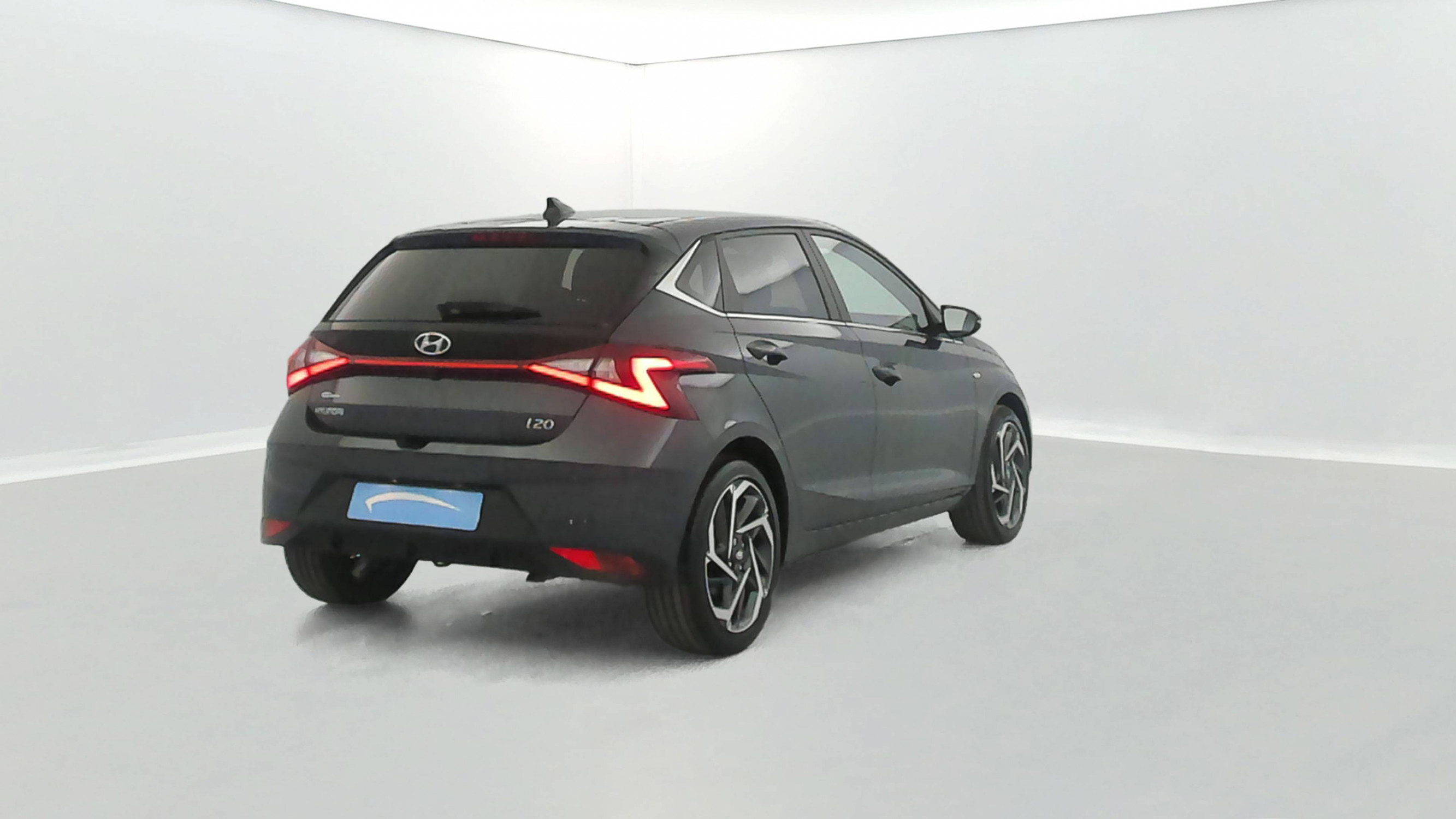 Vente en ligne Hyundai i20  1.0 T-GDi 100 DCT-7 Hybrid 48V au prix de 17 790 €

· · · · · · ·

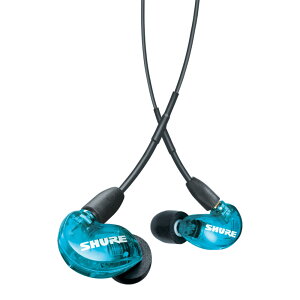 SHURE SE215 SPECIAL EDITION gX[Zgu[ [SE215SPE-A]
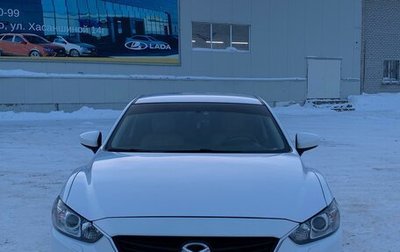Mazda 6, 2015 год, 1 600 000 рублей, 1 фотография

· · · · · · ·

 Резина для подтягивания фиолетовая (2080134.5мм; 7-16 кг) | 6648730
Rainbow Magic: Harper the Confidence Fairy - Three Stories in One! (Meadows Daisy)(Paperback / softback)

· · · · · · ·

* **Task directions**
Both boundary lines included, write out word for word only the lines above from the one containing "SHURE SE215 SPECIAL" to the one containing "Mazda 6, 2015", leaving out any pictures.

* **Answer area**
 SHURE SE215 SPECIAL EDITION gX[Zgu[ [SE215SPE-A]
Mazda 6, 2015 год, 1 600 000 рублей, 1 фотография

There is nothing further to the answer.